ENERGY CONSERVATION PROGRAMS

 

(Single Family Residence)

 

      469.700 Energy efficiency ratings; public information; “single family residence” defined. (1) The Residential and Manufactured Structures Board or the Construction Industry Energy Board, after public hearing and subject to the approval of the Director of the Department of Consumer and Business Services, shall adopt a recommended voluntary energy efficiency rating system for single family residences and provide the State Department of Energy with a copy thereof.

      (2) The rating system shall provide a single numerical value or other simple concise means to measure the energy efficiency of any single family residence, taking into account factors including, but not limited to, the heat loss characteristics of ceilings, walls, floors, windows, doors and heating ducts.

      (3) Upon adoption of the rating system under subsections (1) and (2) of this section, the department shall publicize the availability of the system, and encourage its voluntary use in real estate transactions.

      (4) As used in subsections (1) to (3) of this section, “single family residence” means a structure designed as a residence for one family and sharing no common wall with another residence of any type. [1977 c.413 §§1,2,3; 1993 c.744 §113; 2003 c.675 §44; 2009 c.567 §§9,22]

 

(Home Energy Performance Score System)

 

      469.703 Home energy performance score system; home energy assessors; reports; database; rules. (1) As used in this section:

      (a) “Home energy assessor” has the meaning given that term in ORS 701.527.

      (b) “Home energy audit” means the evaluation or testing of components or systems in a residential building for the purpose of identifying options for increasing energy conservation and energy efficiency.

      (c) “Home energy performance score” has the meaning given that term in ORS 701.527.

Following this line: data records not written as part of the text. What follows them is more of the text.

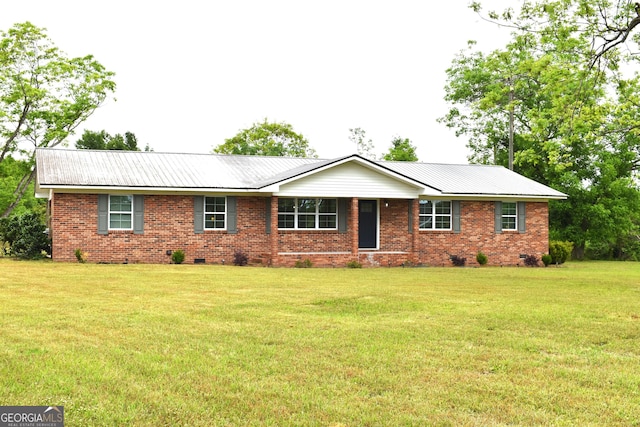 ranch-style home featuring metal roof, brick siding, crawl space, and a front yard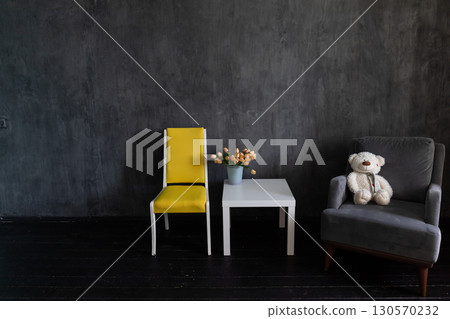 armchair and table with vase of flowers in dark gray room interior 130570232
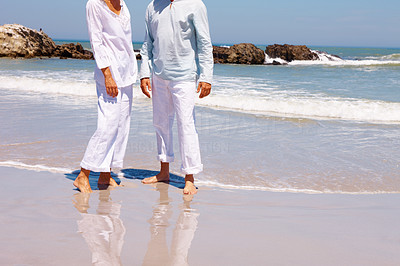 Lower section: Image of a couple standing on the beach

      (2) In consultation with the Public Utility Commission, the State Department of Energy shall adopt by rule a home energy performance score system by which a person may assign a residential building a home energy performance score for the purpose of evaluating the energy conservation and energy efficiency of the building.

      (3) The department shall designate by rule programs for the training of home energy assessors. Programs designated by the department under this subsection must ensure competency in conducting home energy audits and assigning home energy performance scores.

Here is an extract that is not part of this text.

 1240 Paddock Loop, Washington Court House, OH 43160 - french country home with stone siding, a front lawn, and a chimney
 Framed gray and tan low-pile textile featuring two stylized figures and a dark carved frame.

      (4) Subject to subsection (5) of this section, the department may adopt by rule requirements under which home energy assessors who are certified under ORS 701.532 must report to the department the home energy performance scores assigned by the home energy assessors. The department shall keep and maintain a database of information reported to the department under this subsection.

      (5) Rules adopted under subsection (4) of this section may not allow for the reporting of individual addresses of residential structures or the names of individual homeowners, but may allow for the reporting of information regarding the jurisdiction in which a residential structure is located and the utility services provided, any specific energy efficiency features of the residential structure or other general information that allows the department to make any aggregated evaluations of savings attributable to energy efficiency. [2013 c.383 §12]

 

      Note: 469.703 was enacted into law by the Legislative Assembly but was not added to or made a part of ORS chapter 469 or any series therein by legislative action. See Preface to Oregon Revised Statutes for further explanation.

 

(Low Interest Loans)

 

      469.710 Definitions for ORS 469.710 to 469.720. As used in ORS 469.710 to 469.720, unless the context requires otherwise:

      (1) “Annual rate” means the yearly interest rate specified on the note, and is not the annual percentage rate, if any, disclosed to the applicant to comply with the federal Truth in Lending Act.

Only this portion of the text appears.